Du comportement défensif contrôlé par la CeA peut émerger une réponse inadaptée, soutenue et différée. Cette réponse est caractérisée par une surestimation du potentiel de menace dans des situations incertaines et implique un circuit centré sur l’amygdale, dont le dysfonctionnement a été mis en évidence dans divers troubles psychiatriques. De plus, il a été démontré que l’amygdale étendue — soit la CeA et le noyau de la strie terminale (BNST) — joue un rôle prédominant dans l’issue des troubles liés à l’anxiété.
Pour étudier le lien causal entre le dysfonctionnement cérébral induit par la septicémie pendant la phase aiguë et le développement ultérieur de l’expression de la peur de type syndrome de stress post-traumatique (SSPT), les chercheurs ont utilisé des modèles murins de sepsis — de précédentes études ayant montré que les souris présentent elles aussi des comportements anxieux et une peur exagérée plusieurs semaines après une septicémie induite par une infection intra-abdominale.
Un potentiel traitement via un anti-épileptique courant
Les chercheurs ont découvert que le sepsis induisait une activation pathologique aiguë et transitoire d’un circuit spécifique de l’amygdale étendue — il s’agit précisément des neurones PKCδ+ de la CeA se projetant vers le BNST. Or l’inhibition de cette sous-population neuronale au moment de la phase aiguë de la septicémie a empêché le développement de symptômes de type SSPT après la septicémie. « Cette découverte ouvre la voie à de nouvelles stratégies thérapeutiques du sepsis : nous avons observé que l’administration d’un agent capable de prévenir l’hyperactivation de ce circuit réduit les risques de développer des troubles anxieux », explique dans un communiqué le Pr Pierre-Marie Lledo, chercheur à l’Institut Pasteur et co-auteur de l’étude.
Comme agent inhibiteur, l’équipe a utilisé du lévétiracétam, un médicament anticonvulsivant, fréquemment utilisé chez les patients épileptiques et très bien toléré. Il s’agit d’un inhibiteur présynaptique de la libération des neurotransmetteurs et l’équipe a souhaité tester son action sur l’activation neuronale des circuits de l’amygdale. À noter que le lévétiracétam permet également de restaurer les activités alpha et bêta en réduisant les activités delta et thêta chez les patients épileptiques ; or, l’encéphalopathie associée au sepsis est caractérisée par un déplacement des activités alpha et bêta vers des activités delta et thêta accrues.
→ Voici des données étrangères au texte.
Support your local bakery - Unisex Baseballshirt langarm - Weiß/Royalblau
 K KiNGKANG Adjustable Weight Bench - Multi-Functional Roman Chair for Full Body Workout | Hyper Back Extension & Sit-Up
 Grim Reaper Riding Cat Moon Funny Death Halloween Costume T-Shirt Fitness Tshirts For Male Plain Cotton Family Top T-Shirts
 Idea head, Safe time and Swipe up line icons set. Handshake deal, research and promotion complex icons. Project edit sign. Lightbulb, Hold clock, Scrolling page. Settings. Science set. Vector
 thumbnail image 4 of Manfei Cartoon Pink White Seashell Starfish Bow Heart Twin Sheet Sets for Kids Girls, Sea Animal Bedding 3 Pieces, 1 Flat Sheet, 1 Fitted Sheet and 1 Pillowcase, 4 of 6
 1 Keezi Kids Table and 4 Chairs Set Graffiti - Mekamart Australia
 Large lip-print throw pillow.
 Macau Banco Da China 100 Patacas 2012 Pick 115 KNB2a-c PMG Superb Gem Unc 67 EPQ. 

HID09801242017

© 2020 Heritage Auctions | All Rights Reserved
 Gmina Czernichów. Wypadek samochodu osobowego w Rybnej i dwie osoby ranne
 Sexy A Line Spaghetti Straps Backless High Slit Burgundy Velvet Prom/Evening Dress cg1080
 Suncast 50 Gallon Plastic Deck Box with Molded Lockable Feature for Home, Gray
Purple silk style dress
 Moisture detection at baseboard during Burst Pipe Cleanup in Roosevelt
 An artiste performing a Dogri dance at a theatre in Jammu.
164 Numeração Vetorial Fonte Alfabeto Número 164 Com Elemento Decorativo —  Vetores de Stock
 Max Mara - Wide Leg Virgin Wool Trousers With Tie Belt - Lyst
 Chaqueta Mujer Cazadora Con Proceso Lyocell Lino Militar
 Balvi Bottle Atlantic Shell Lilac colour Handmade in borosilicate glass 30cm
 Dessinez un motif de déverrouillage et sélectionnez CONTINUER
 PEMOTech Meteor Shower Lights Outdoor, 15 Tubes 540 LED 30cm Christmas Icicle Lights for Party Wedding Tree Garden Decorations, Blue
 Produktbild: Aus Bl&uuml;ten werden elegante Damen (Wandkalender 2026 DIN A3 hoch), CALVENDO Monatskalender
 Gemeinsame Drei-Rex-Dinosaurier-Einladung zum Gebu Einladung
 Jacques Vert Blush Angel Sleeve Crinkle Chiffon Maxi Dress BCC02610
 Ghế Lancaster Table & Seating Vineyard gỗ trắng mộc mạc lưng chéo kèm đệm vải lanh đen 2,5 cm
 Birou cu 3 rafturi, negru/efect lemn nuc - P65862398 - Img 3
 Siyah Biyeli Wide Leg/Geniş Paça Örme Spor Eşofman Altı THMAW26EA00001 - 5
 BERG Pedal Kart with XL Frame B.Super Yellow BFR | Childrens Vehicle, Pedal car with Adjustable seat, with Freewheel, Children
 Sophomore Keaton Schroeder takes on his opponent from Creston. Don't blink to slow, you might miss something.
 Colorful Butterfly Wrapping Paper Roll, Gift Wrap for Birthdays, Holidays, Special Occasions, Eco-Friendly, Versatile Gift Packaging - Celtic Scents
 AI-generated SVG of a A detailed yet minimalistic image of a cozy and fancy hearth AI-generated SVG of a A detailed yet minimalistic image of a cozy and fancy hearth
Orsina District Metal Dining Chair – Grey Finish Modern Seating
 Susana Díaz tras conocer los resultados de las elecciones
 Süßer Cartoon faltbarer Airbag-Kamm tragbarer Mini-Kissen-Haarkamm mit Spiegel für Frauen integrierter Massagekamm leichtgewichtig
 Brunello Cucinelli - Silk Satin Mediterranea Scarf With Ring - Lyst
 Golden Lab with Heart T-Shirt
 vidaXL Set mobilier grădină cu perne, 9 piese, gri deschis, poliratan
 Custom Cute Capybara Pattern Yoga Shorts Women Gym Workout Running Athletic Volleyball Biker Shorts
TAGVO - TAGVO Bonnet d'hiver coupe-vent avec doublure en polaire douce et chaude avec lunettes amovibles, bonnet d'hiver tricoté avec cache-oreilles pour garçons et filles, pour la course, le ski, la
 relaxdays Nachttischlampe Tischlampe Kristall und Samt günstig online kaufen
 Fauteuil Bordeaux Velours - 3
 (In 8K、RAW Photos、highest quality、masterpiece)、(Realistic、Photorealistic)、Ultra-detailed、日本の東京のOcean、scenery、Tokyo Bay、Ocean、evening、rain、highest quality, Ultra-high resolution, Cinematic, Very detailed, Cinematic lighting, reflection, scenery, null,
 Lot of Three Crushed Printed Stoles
Les résultats sont très encourageants : le traitement par lévétiracétam pendant la phase aiguë du sepsis (il a été administré toutes les 12 heures pendant les 48 premières heures suivant l’infection) a supprimé l’activation neuronale transitoire dans les neurones de la CeA se projetant vers BNST et a atténué les troubles comportementaux à long terme.
Cette étude a permis d’identifier à la fois le circuit neuronal dédié à l’anxiété post-septicémie et un potentiel traitement pharmacologique. Ce dernier sera prochainement testé dans un essai thérapeutique randomisé multicentrique. « En révélant le lien entre neuroinflammation et troubles psychiatriques, cette recherche entre en résonance avec le contexte actuel de pandémie de COVID-19 et de long COVID », note l’équipe. Les troubles psychiatriques post-covid concernent en effet plus de 20% des patients quatre mois après une hospitalisation pour infection aiguë de COVID-19.